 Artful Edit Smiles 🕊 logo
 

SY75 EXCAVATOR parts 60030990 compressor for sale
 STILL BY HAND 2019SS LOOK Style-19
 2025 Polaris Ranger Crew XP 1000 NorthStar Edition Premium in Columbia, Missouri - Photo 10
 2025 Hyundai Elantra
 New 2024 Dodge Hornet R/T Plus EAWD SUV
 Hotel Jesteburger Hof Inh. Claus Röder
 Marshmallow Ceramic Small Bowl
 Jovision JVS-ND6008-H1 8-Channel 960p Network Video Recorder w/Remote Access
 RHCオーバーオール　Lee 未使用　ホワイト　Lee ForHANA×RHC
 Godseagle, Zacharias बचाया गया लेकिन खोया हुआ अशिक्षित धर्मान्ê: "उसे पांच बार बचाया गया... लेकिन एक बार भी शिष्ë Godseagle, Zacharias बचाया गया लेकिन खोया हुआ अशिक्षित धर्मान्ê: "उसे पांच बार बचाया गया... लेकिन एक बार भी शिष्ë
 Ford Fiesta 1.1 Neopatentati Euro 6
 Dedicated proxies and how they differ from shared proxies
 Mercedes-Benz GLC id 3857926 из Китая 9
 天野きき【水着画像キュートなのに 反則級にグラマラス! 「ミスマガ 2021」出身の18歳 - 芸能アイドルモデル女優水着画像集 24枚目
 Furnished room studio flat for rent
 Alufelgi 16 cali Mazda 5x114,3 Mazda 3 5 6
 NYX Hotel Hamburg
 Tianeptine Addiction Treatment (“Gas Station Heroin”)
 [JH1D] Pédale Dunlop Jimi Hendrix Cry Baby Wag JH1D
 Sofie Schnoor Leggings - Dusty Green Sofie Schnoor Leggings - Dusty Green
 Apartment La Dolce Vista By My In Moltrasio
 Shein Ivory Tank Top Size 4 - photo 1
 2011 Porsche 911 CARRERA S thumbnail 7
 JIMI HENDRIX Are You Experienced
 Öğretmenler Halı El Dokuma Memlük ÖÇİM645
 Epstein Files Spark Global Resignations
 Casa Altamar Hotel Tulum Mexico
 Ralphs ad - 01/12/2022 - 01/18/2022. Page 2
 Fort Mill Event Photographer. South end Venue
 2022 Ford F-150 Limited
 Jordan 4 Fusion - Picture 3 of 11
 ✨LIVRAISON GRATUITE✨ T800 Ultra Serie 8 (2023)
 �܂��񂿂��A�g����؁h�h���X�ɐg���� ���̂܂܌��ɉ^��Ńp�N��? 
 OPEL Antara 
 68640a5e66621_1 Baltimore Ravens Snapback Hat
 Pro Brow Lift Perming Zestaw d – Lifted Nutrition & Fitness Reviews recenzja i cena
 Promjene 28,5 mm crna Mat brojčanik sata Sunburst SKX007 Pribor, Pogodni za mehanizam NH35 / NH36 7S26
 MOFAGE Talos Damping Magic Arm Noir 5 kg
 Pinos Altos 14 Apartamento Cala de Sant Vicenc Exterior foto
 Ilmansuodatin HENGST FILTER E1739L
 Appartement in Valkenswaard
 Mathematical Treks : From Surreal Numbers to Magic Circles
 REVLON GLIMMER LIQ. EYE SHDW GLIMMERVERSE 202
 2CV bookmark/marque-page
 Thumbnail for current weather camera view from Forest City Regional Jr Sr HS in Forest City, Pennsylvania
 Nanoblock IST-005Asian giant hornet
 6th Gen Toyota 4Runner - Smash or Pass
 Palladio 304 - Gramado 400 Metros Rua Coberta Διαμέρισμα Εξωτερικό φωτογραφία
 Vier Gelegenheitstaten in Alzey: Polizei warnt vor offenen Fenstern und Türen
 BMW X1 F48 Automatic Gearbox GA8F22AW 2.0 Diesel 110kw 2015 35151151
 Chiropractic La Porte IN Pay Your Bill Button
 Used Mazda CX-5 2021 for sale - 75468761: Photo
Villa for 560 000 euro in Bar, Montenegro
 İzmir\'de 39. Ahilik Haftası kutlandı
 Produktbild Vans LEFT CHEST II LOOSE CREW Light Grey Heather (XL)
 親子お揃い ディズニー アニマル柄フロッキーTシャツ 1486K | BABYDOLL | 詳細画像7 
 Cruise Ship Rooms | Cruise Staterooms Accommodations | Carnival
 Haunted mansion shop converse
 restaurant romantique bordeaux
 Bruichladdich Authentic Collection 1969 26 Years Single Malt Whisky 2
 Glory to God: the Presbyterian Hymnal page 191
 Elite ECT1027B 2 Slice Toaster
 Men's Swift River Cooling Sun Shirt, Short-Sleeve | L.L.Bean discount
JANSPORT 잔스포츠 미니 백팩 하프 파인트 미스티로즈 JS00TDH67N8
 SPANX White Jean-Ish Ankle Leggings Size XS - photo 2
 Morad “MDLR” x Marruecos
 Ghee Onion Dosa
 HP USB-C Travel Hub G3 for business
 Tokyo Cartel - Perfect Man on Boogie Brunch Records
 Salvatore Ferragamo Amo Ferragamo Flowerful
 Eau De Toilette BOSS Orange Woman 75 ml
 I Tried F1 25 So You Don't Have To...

-----

EXERCISE AIM: Word for word, restate the entries from the first line to the line that has "天野きき【水着画像キュートなのに 反則級にグラマラス! 「ミスマガ", both included, and nothing else.

SOLUTION TO THIS PROBLEM:
 Artful Edit Smiles 🕊 logo
 

SY75 EXCAVATOR parts 60030990 compressor for sale
 STILL BY HAND 2019SS LOOK Style-19
 2025 Polaris Ranger Crew XP 1000 NorthStar Edition Premium in Columbia, Missouri - Photo 10
 2025 Hyundai Elantra
 New 2024 Dodge Hornet R/T Plus EAWD SUV
 Hotel Jesteburger Hof Inh. Claus Röder
 Marshmallow Ceramic Small Bowl
 Jovision JVS-ND6008-H1 8-Channel 960p Network Video Recorder w/Remote Access
 RHCオーバーオール　Lee 未使用　ホワイト　Lee ForHANA×RHC
 Godseagle, Zacharias बचाया गया लेकिन खोया हुआ अशिक्षित धर्मान्ê: "उसे पांच बार बचाया गया... लेकिन एक बार भी शिष्ë Godseagle, Zacharias बचाया गया लेकिन खोया हुआ अशिक्षित धर्मान्ê: "उसे पांच बार बचाया गया... लेकिन एक बार भी शिष्ë
 Ford Fiesta 1.1 Neopatentati Euro 6
 Dedicated proxies and how they differ from shared proxies
 Mercedes-Benz GLC id 3857926 из Китая 9
 天野きき【水着画像キュートなのに 反則級にグラマラス! 「ミスマガ 2021」出身の18歳 - 芸能アイドルモデル女優水着画像集 24枚目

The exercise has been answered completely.